Welcome to the Electronic Literature Lab, where seven intrepid Undergraduate (UG) Researchers work with faculty and staff to preserve, document, promote, and build resources for born digital literature. We are busy this fall with many different activities:
A Comprehensive Online Portal for Electronic Literature Works (COPE)
Four UG Researchers––Katie Bowen, Austin Fields, Mariah Gwin, and Holly Slocum––are working with the four Co-PIs of the ELO’s COPE project (Leo Flores, Abby Adams, Nicholas Schiller, and me) to migrate the metadata of the ELO’s seven collections of e-lit to the ELO Repository that we are building. These students are funded through the Mellon grant that is supporting the project. We will be completed with this work by December 30, 2018.
ELO 2013 Proceedings
Two UG Researchers––Kathleen Zoller and Andrew Nevue––are creating the book of Proceedings for the ELO 2013 conference. This project came to us from Gabriel Gaudette and Joe Tabbi, who had worked hard to bring it to a close after a very long delay. Over 40 academic papers by some of the top scholars of e-lit are included in this book. These students are funded through the Lewis E. and Stella G. Buchanan Distinguished Professor Fellowship given to me by WSU last year, which continues until May 2019.
The Museum of the Essential & Beyond That
ELO was fortunate to receive the archives of this important online museum created and curated by Brazilian scholar and artist, Regina Pinto. Nicholas and I hired an UG Researcher––Moneca Roath––to inventory, prepare the metadata for the ELO Repository, and determine works that are no longer accessible and in need of reconstitution. ELO provided a stipend for this position.

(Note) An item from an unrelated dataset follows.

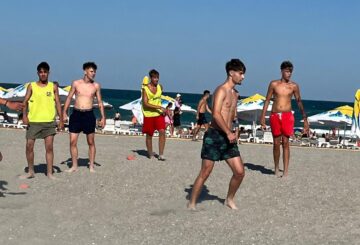 Tabără la mare, în stațiunea Costinești, pentru 15 elevi talentați din familii defavorizate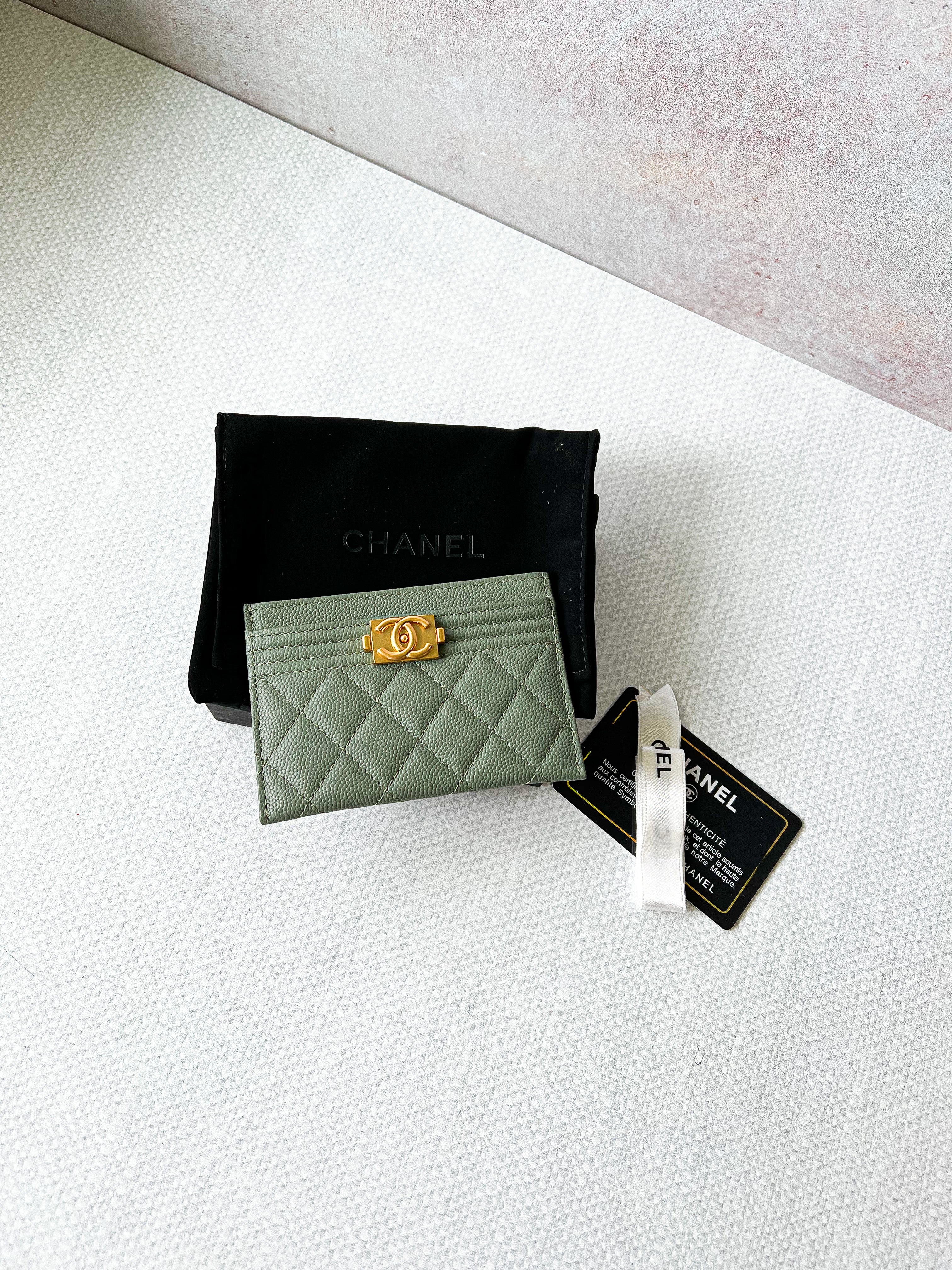 [TOP] CHANEL Le Boy Card Holder - Green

There are even more activities to come this fall and spring: the screening of Eduardo Kac’s Inner Telescope; seven Live Stream Traversals; the production of the book, Rebooting Electronic Literature, Volume 2; a Wikipedia-A-Thon; further development on ELL’s catalog; just to name a few activities. We have already rebuilt a site for the trAce Online Writing Centre and reconstituted its journal, frAme, which makes it now possible to access over 60 works of e-lit, which according to its founder Sue Thomas, had been unavailable to scholars for the last three years.